The Bronze Serpent – Lifted Up for Healing

Israel had sinned again. Complaining against God and Moses, speaking against the manna that sustained them, the people drew divine judgment upon themselves. Fiery serpents invaded the camp, their venomous bites bringing death to thousands. In desperation, the people confessed their sin and begged Moses to pray. God’s answer came in one of Scripture’s strangest commands: “Make thee a fiery serpent, and set it upon a pole: and it shall come to pass, that every one that is bitten, when he looketh upon it, shall live” (Numbers 21:8).

The Setting of the Story

The incident occurred near the end of Israel’s forty years of wilderness wandering. After decades of divine provision—manna from heaven daily, water from rocks, clothes that never wore out—the people grew impatient with the journey. “Wherefore have ye brought us up out of Egypt to die in the wilderness? for there is no bread, neither is there any water; and our soul loatheth this light bread” (Numbers 21:5).

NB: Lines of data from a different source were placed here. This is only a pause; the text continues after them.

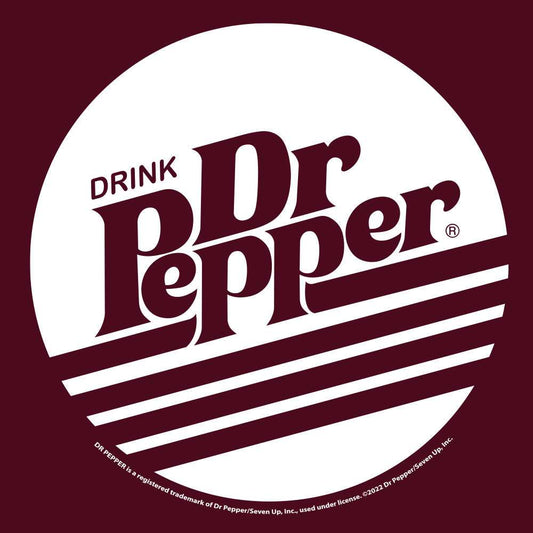 Burgundy cotton T-shirt with large Dr Pepper retro logo print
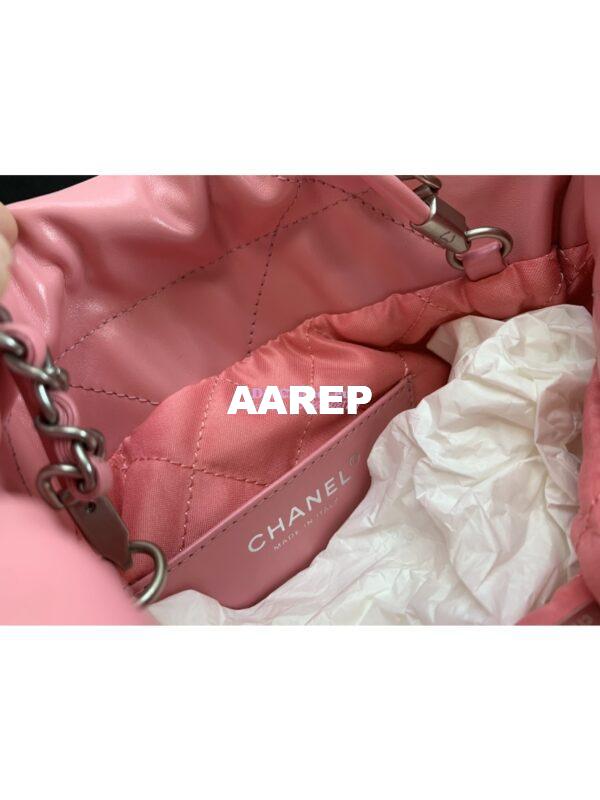 Replica Chanel Mini 22 Handbag Shiny Calfskin & Silver Metal AS3980 Pink 11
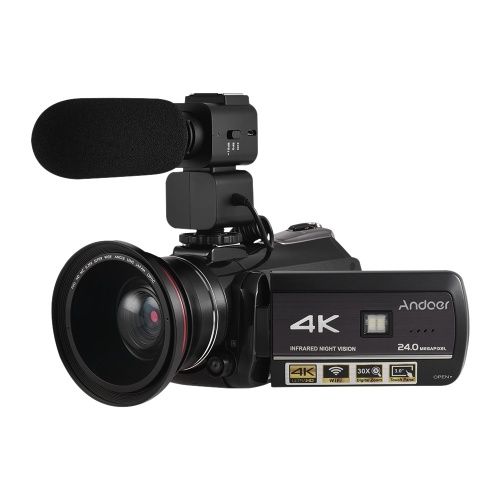 Cámara de video digital Andoer AC3 4K UHD 24MP con lente extra gran angular 0.39X + micrófono externo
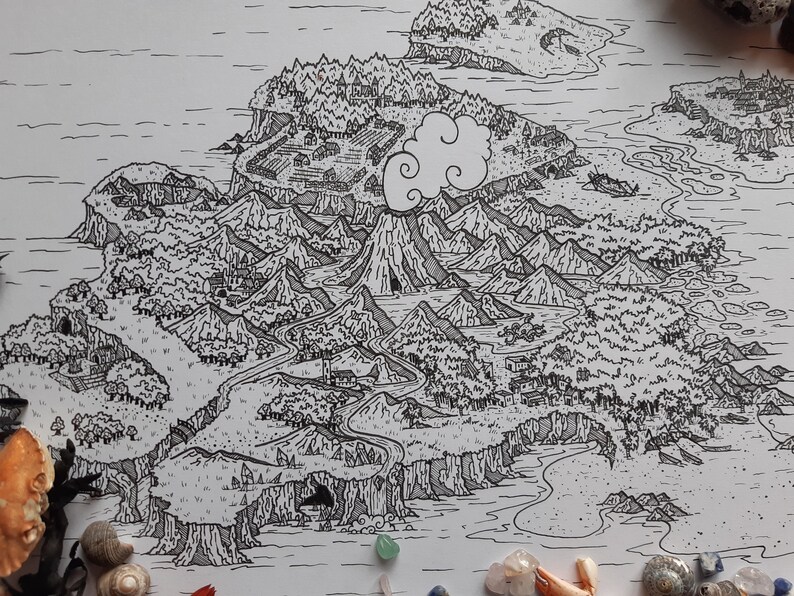 Download Gwenlland. DnD Fantasy Island A4 colouring page | Etsy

They called the manna “light bread”—literally, “worthless bread.” The miraculous provision of heaven was despised as insufficient, tasteless, unsatisfying. This was not mere complaint but contempt for God’s gracious care. It revealed hearts that preferred the leeks and garlic of Egypt to the bread of angels.

God’s response was swift: “And the LORD sent fiery serpents among the people, and they bit the people; and much people of Israel died” (Numbers 21:6). These were likely desert vipers whose venom caused burning inflammation—hence the term “fiery.” Death spread through the camp as the serpents struck victim after victim.

The Strange Remedy

When the people confessed their sin and asked Moses to intercede, God did not simply remove the serpents. Instead, He prescribed a remedy that must have seemed utterly foolish to human reasoning. Look at a bronze serpent on a pole and live? How could gazing at a metal sculpture heal snakebite?

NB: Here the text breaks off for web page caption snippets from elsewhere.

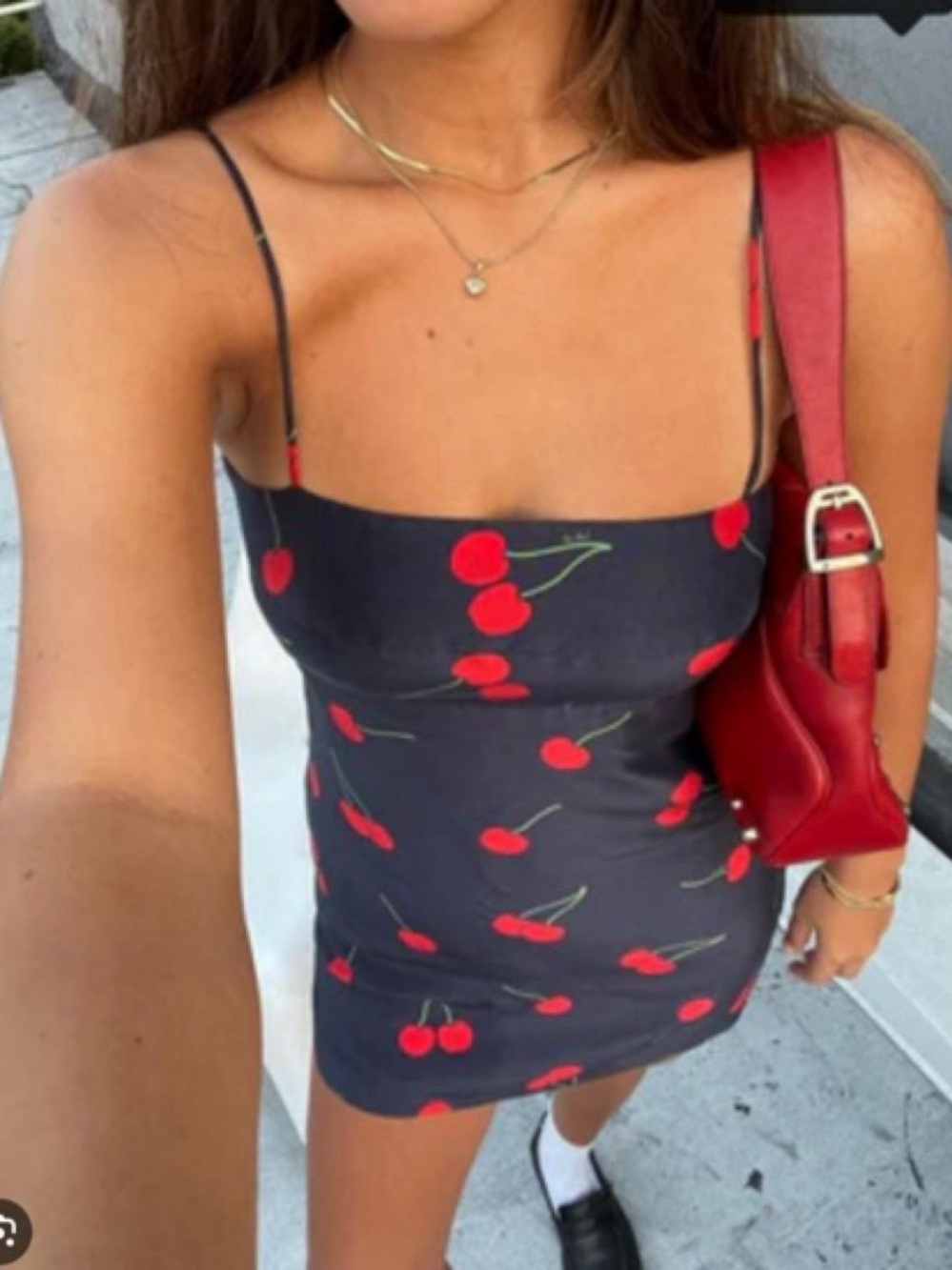 Réalisation Par Navy Cherry Print Mini Dress - Picture 2 of 5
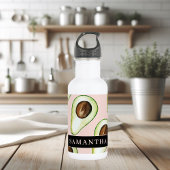 Moderne roze en groene Avocado-patroon met naam Waterfles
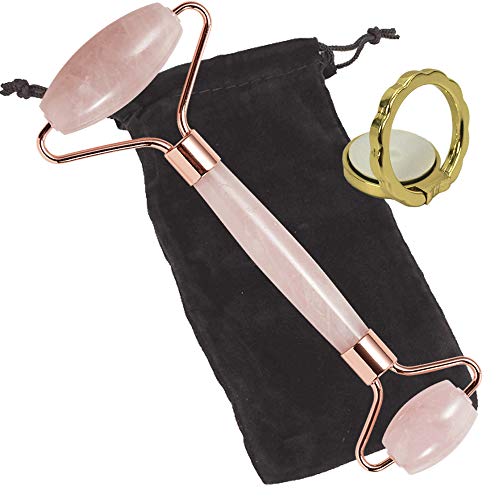 Rolo Massageador Facial Anti Estresse Quartzo Rosa + Suporte Celu...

Yet God’s ways are not our ways. “And Moses made a serpent of brass, and put it upon a pole, and it came to pass, that if a serpent had bitten any man, when he beheld the serpent of brass, he lived” (Numbers 21:9). The cure was as simple as it was strange—look and live. No elaborate ritual, no difficult pilgrimage, no expensive sacrifice. Simply look.

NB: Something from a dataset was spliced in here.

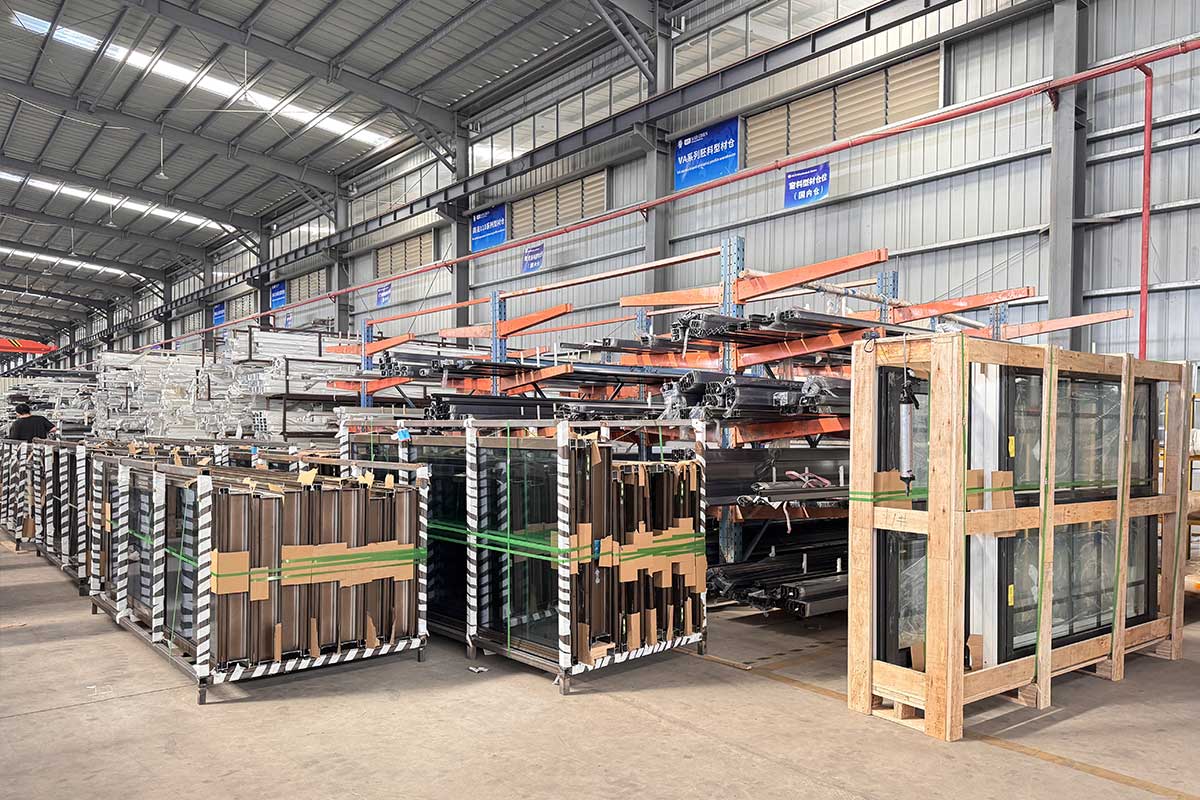 aluminium window wholesale warehouse with finished frames prepared for trade dispatch to builders and contractors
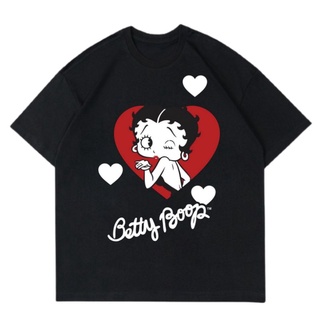 คอตต้อนคอกลมเสื้อยืด | ขนาดใหญ่ | Betty BOOP รัก | เสื้อยืด เสื้อผ้า | เสื้อยืด BOOTLEG | เสื้อยืด สําหรับผู้ชาย | เสื้อ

The serpent was lifted up so all could see it. Whether in the center of the camp or the furthest edge, whether young or old, whether newly bitten or near death, anyone who looked toward that bronze figure found healing. The cure was available to all and refused to none who would simply look.

Why a Serpent?

The most puzzling aspect of this remedy is the image itself. The serpent was the creature whose bites were killing them. The serpent was associated with Satan from the Garden of Eden. Why would God command an image of the very thing causing death?

The bronze serpent represented sin judged. It was made in the likeness of the creatures bringing death but was itself lifeless—sin rendered powerless. Lifted up on the pole, it displayed what the serpent problem looked like when dealt with by God’s appointed means. It was a picture of the curse exhausted, the venom drained, the threat neutralized.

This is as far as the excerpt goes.